Task requirements => Reproduce only the lines that begin at the line with "Large African Print Large Purse" and run to the end of the entries; omit every picture.

+-------+

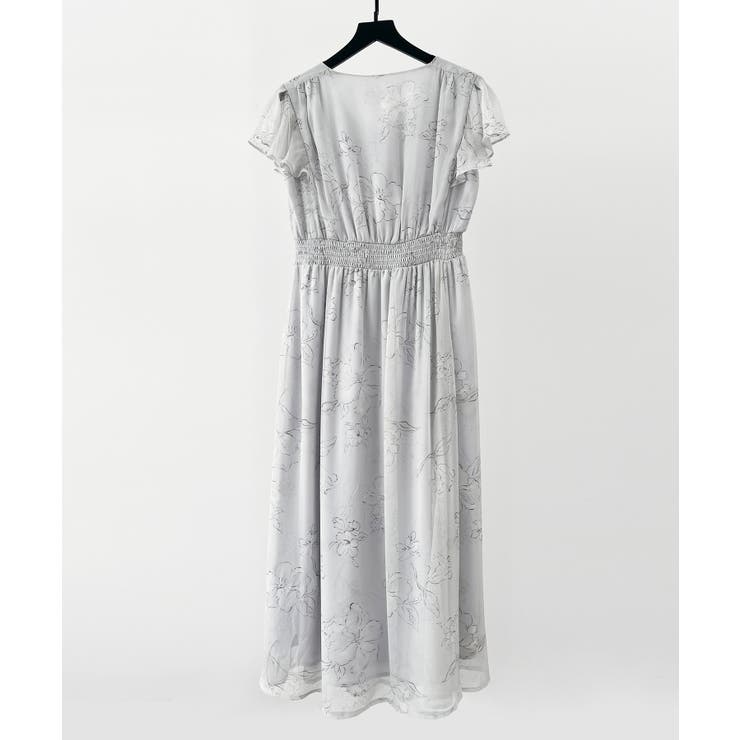 ふんわり花柄シフォンロングワンピース | SAISON DE PAPILLON  | 詳細画像23 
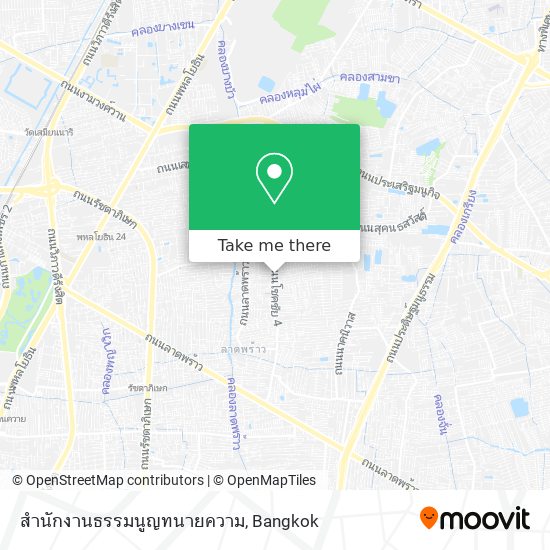 สำนักงานธรรมนูญทนายความ map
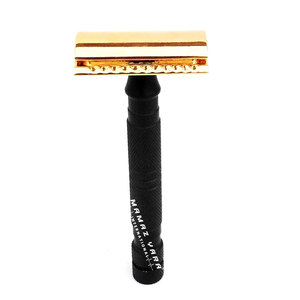 <b>Black</b> & Gold Double <b>Edge</b> Safety Razor Best Quality Wholesale Price Bulk Supplier Barber Supplier Safety Razors Oem Branding - Product Image 1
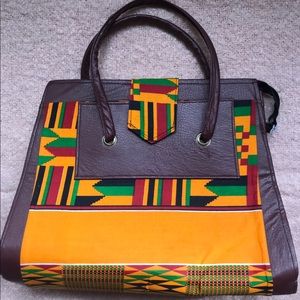 Large African Print Large Purse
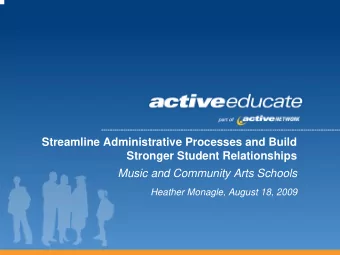 Streamline Administrative Processes and Build  Stronger Student Relationships  Music and Community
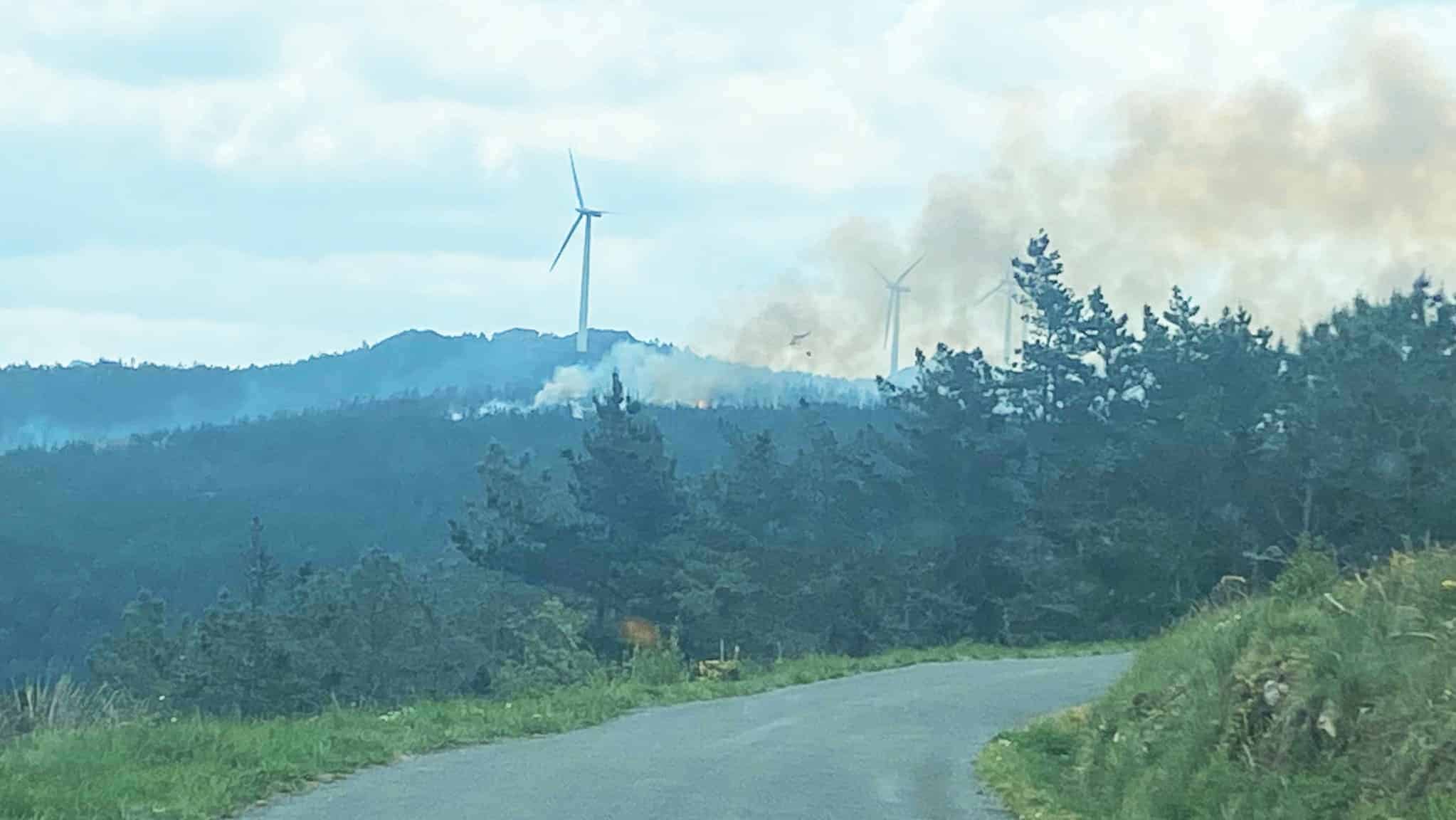 Imagen del incendio | CONCELLO DE CAMARIÑAS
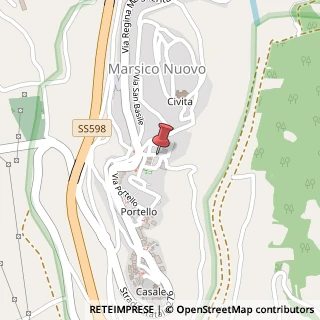 Mappa Via Cavour, 4, 85052 Marsico Nuovo, Potenza (Basilicata)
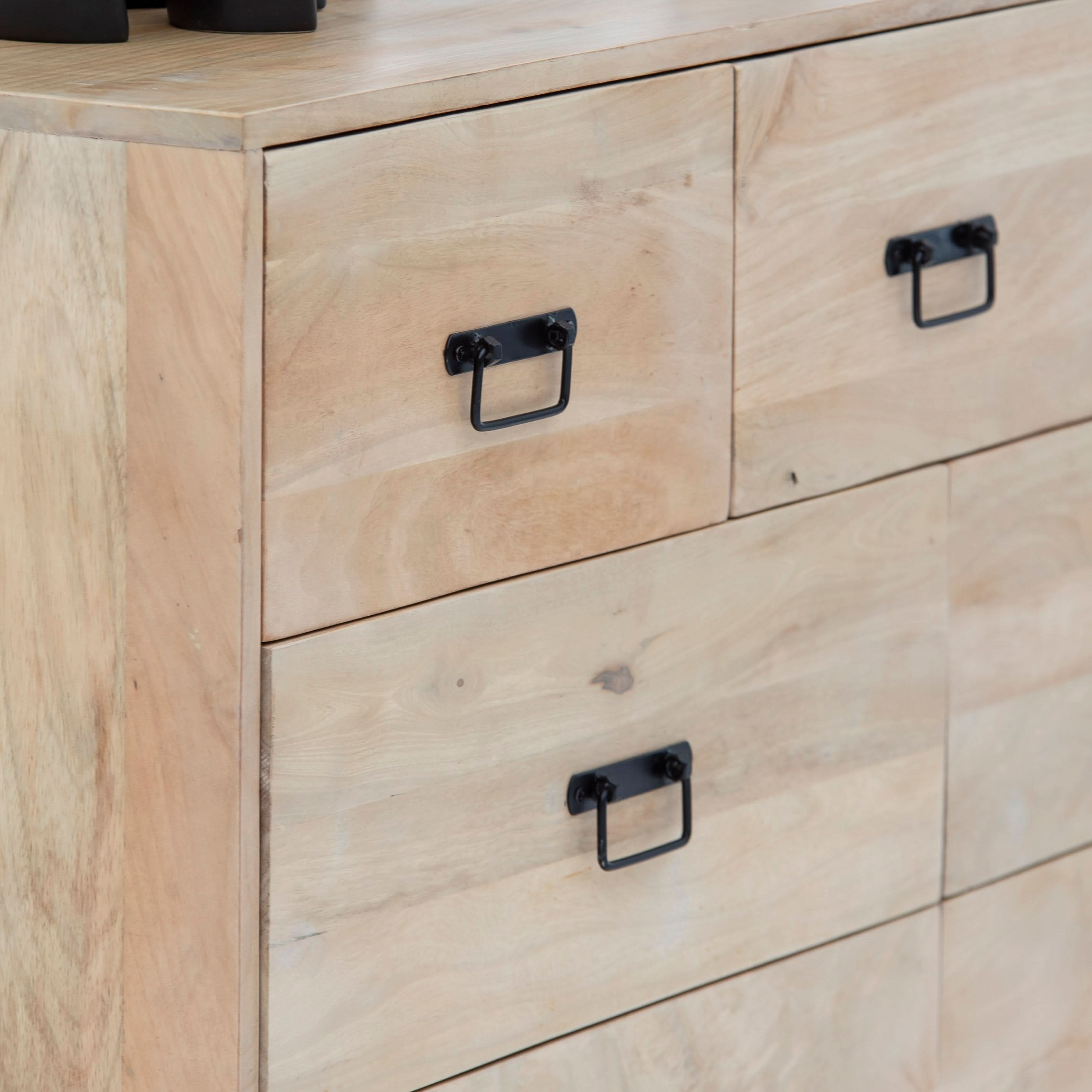 AUREVO WOODEN SEVEN DRAWER DRAWCHEST - Art and craft furniture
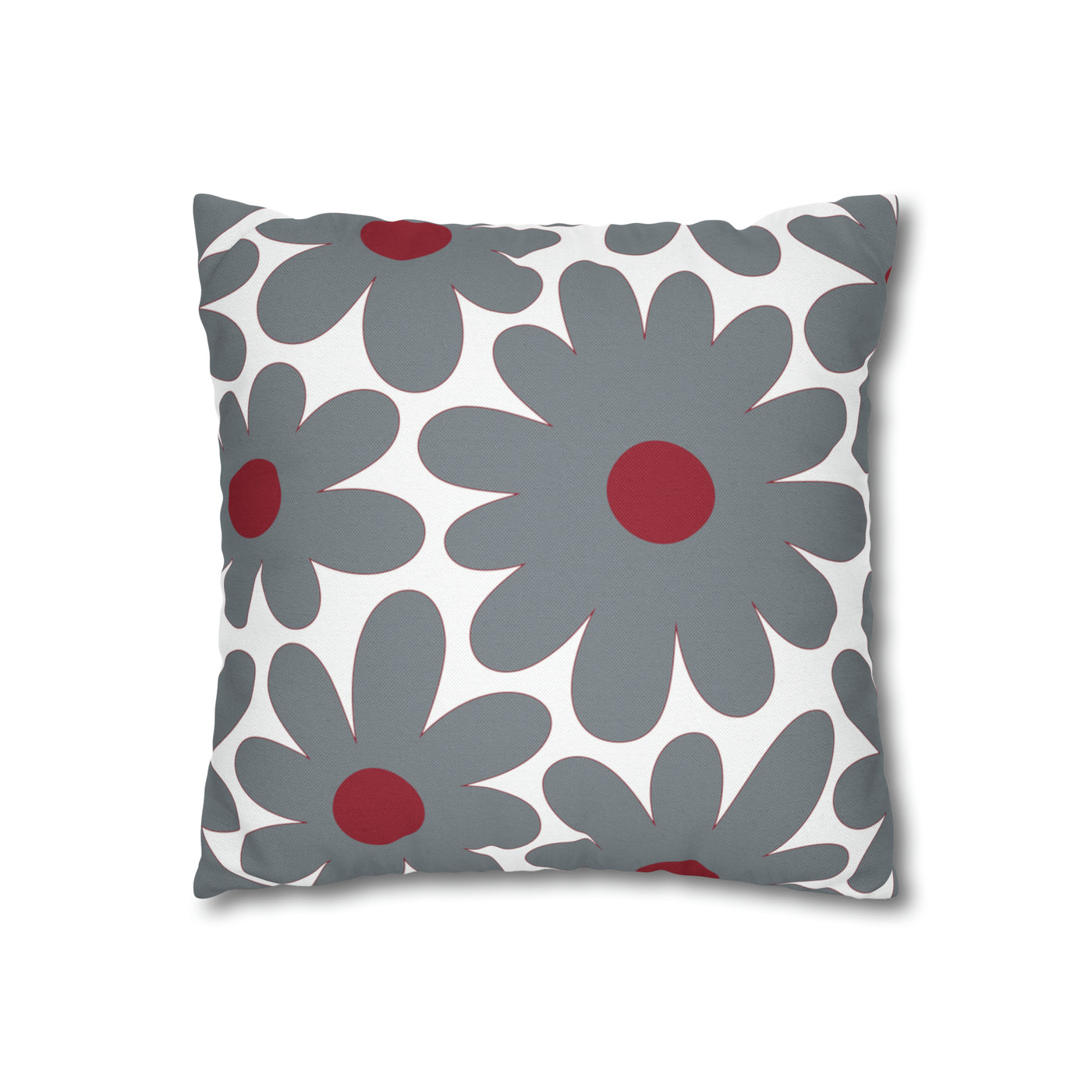 Two Color Double Sided Groovy Flower Pillow - College Dorm Pillow - Bed Party Pillow - Alabama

+-------+

Response box =>
 Large African Print Large Purse
 Streamline Administrative Processes and Build  Stronger Student Relationships  Music and Community
 Imagen del incendio | CONCELLO DE CAMARIÑAS
 Mappa Via Cavour, 4, 85052 Marsico Nuovo, Potenza (Basilicata)
 AUREVO WOODEN SEVEN DRAWER DRAWCHEST - Art and craft furniture
 Two Color Double Sided Groovy Flower Pillow - College Dorm Pillow - Bed Party Pillow - Alabama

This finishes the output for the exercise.